2. Wait events for walsender
Check whether the WAL sender backends are stalled on decoding or I/O. ReorderBuffer-related waits typically point to spill-to-disk conditions or slow downstream consumption.
SELECT pid,
backend_type,
application_name,
wait_event
FROM pg_stat_activity
WHERE backend_type = 'walsender'
ORDER BY backend_start;
Interpretation: Frequent ReorderBufferWrite/ReorderBufferRead suggests large transactions are spilling.
3. Spill stats
Quantify how often and how much each slot spills from memory to disk. Rising spill_bytes and spill_count during heavy DML are strong signals to increase logical_decoding_work_mem, reduce transaction size, or tune connector throughput.
SELECT slot_name,
spill_txns,
spill_count,
pg_size_pretty(spill_bytes) AS spill_bytes,
total_txns,
pg_size_pretty(total_bytes) AS total_bytes,
stats_reset
FROM pg_stat_replication_slots;
Interpretation: Compare spill_bytes across slots; if many slots spill simultaneously, aggregate I/O multiplies. Consider reducing the number of active slots or batching large DML.
Fixing the Lag: Practical Strategies
Once you’ve identified replication lag and its root causes, the next step is mitigation. Solutions span across the database configuration, Azure infrastructure, and the Debezium connector layer. These strategies aim to reduce I/O overhead, optimize memory usage, and ensure smooth data flow under heavy workloads.
Database & Azure Layer
At the database and infrastructure level, focus on reducing unnecessary overhead and ensuring resources are scaled for peak demand. Here’s what you can do:
- Avoid
REPLICA IDENTITY FULL: prefer PRIMARY KEY; or add a unique index and setREPLICA IDENTITY USING INDEX - Use appropriately scaled IO-capable storage / right SKU for higher IOPS
- Right-size
logical_decoding_work_memconsidering multiple slots - Break up large DML: batch updates/deletes (10k–50k rows/commit)

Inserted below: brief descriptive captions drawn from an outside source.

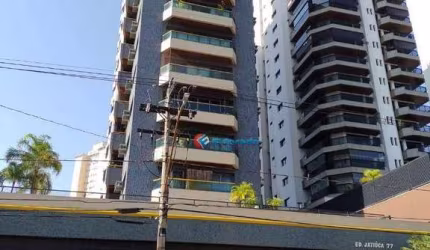 Apartamento no Jaticuca à venda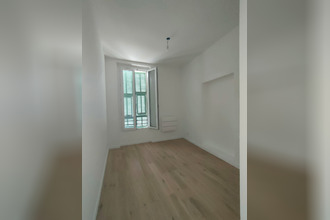  appartement nice 06000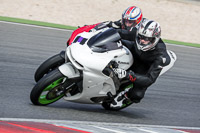 motorbikes;no-limits;october-2017;peter-wileman-photography;portimao;portugal;trackday-digital-images
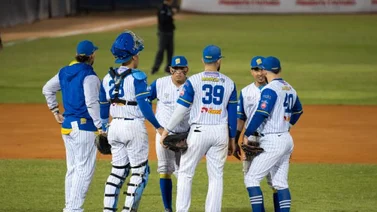 LVBP: Este debería ser el manager de Magallanes, de acuerdo a nuestros lectores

- Schedule/throttle maintenance: stagger VACUUM/REINDEX/DDL
- Network placement: use Private Endpoint and co-locate Debezium/Kafka within the same region/VNet
Debezium Connector Layer
Connector-level tuning ensures that Debezium can keep pace with PostgreSQL WAL generation and Kafka throughput. Key adjustments include:
- Tune throughput & buffering: increase
max.batch.size,max.queue.size, reducepoll.interval.ms - Offset flush tuning: reduce
offset.flush.interval.ms - Heartbeats: introduce heartbeat events to detect staleness and prevent WAL buildup
Conclusion
Managing replication lag in Azure Database for PostgreSQL with Debezium isn’t just about tweaking parameters; it’s about understanding logical decoding internals, anticipating workload patterns, and applying proactive strategies across the entire solution.
Key Takeaways:
- Monitor early, act fast: Use diagnostic queries to track lag, wait events, and spill activity
- Minimize complexity: Fewer replication slots and well-tuned connectors reduce redundant work
- Plan for scale: Batch large DML operations, right-size memory settings
- Leverage Azure capabilities: Optimize IOPS tiers, network placement for predictable performance
By combining these best practices with continuous monitoring and operational discipline, you can keep your CDC pipelines healthy, even under heavy load, while ensuring downstream systems stay in sync with minimal latency.